GEORGE FROST KENNAN, 57, Pulitzer-prize winning Kremlinologist (Russia Leaves the War), onetime Ambassador to Moscow (1952), top cold war strategist who shaped the U.S. containment policy and the Marshall Plan. In a sharp policy disagreement with John Foster Dulles, he was shunted aside in 1953 after 25 years in the Foreign Service. He became a professor at Princeton's Institute for Advanced Study, now is back in diplomacy as Ambassador to Yugoslavia, one of the cold war's key vantage points.

EDWIN OLDFATHER REISCHAUER, 51, Tokyo-born professor, translator and author (Wanted: An Asian Policy), and formerly (1956-60) director of Harvard's Center for East Asian Studies. He has spent 18 years in Japan, has a Japanese wife, is fluent in Japanese, reads Chinese, and is one of the leading U.S. authorities on Asian literature and history. Reischauer has had State Department experience as a Far Eastern deskman during Asia's postwar upheaval (1945-46), is now Ambassador to Japan.

JOHN KENNETH GALBRAITH, 53, bestselling controversialist (The Affluent Society), Harvard economics professor and sometime speechwriter for Adlai Stevenson and Kennedy. Canadian-born Galbraith has had half a dozen Government jobs, since 1956 has compiled searching surveys of India's economy, and is now Ambassador to India.

Shades of Ben. The three professors plenipotentiary have written 25 books among them, are unabashed intellectuals in countries that respect scholars or ideologists. Outwardly, they are as dissimilar as their specialties. Trim (5 ft. 11 1/4 in., 155 Ibs.), athletic George Kennan is blunt, analytical, professional, and a deeply moral man who agonizes over the increasingly "sterile" clash of East and West. Towering (6 ft. 8 in.) Ken Galbraith is a vastly engaging, vastly self-assured pragmatist; given to heavily ironic wisecracks, he likes to be taken for an ogre, and in diplomacy, he claims, he has had to make himself "a lot more agreeable" than is his wont. Slight (5 ft. 11 in., 165 Ibs.) Ed Reischauer is a low-key, hard-driving teetotaler whose Oriental serenity and upbringing have prompted the Japanese to treat him like an honorable cousin.

In their jobs, Kennan, Reischauer and Galbraith have set markedly individual styles. Their joint characteristics are frankness, sensitivity to the nerves and taboos of their host countries, an eagerness to listen as well as a marked capacity for eloquence, love of exercise and travel, impatience with the failures of U.S. society, and ill-concealed dislike of Embassy Row cocktail parties. In one of his books, Ed Reischauer says: "Diplomatic relations have grown out of the exchange of personal representatives between kings, and they still preserve some of the aristocratic aura of their origin.

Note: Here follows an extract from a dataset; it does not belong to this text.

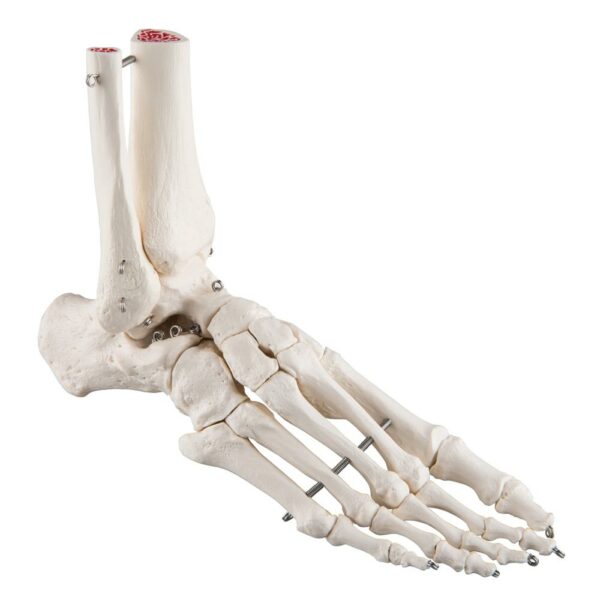 Voet / gedeelde tibia en fibula A31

But diplomatic relations today are not really between individual rulers but between whole peoples of entire nations."

Actually, that idea goes back to the Republic's earliest days when Ambassador Ben Franklin appeared at the Court of Versailles wearing an old coat and wielding a crab-apple stick. The name for their own current version of people-to-people diplomacy was suggested by Ambassador Galbraith. Said he: "We don't want the Showy American. We don't want the Ugly American. I am quite willing to settle for the Natural American."

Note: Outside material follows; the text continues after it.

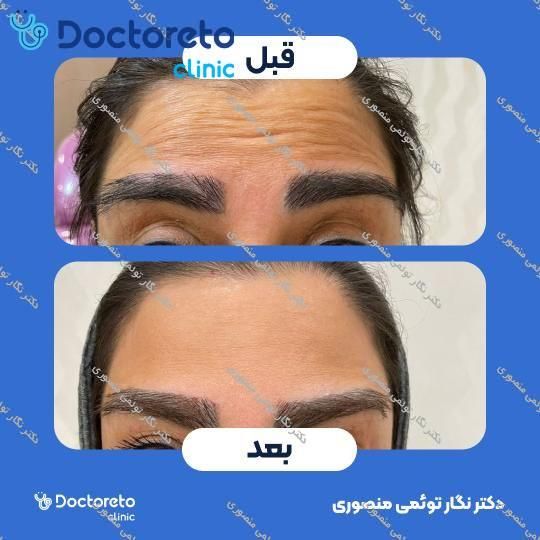 تزریق بوتاکس صورت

Classic Assets. From language to costume to protocol, * as richly obscure as a Melanesian courtship rite, diplomacy is not really a natural enterprise. Today it is carried on by the U.S. in a world where friends can be more frustrating than foes, where, as far as U.S. aid is concerned, most nations assume that it is more blessed to receive than to give, where every step is shadowed and every misstep exploited by the Communists (who are probably the leading modern exponents of the 17th century notion that a diplomat is an "honorable spy").

Though a pretty wife, a good chef and a good cellar are classic assets, nowadays the only essential for diplomatic success, as the State Department's Loy Henderson insisted, is "political sensitivity--without it a Ph.D. is useless. With it a high school student is invaluable." Messrs. Kennan, Reischauer and Galbraith will not win the cold war by setting fine tables. But they have personable wives, and. above all, they possess political sensitivity to the highest degree.

The Ideologist

Of the three posts, Kennan's is probably the trickiest, because of Yugoslavia's own anomalous situation--a thoroughgoing Communist state that broke with Stalin in 1948, has been heavily aided by the West ever since, is now generally subservient to Khrushchev in foreign policy but proclaims itself neutral. To start with, Ambassador Kennan hoped Tito Communists would be more "objective" than Soviet comrades, that with care and cultivation Tito might be induced to practice true neutrality. For four months, says an old Belgrade hand, Kennan "thought his personality and techniques were reshaping Tito's thinking"--a mistake Historian Kennan has spotted in others, including Franklin Roosevelt in his attitude toward Stalin.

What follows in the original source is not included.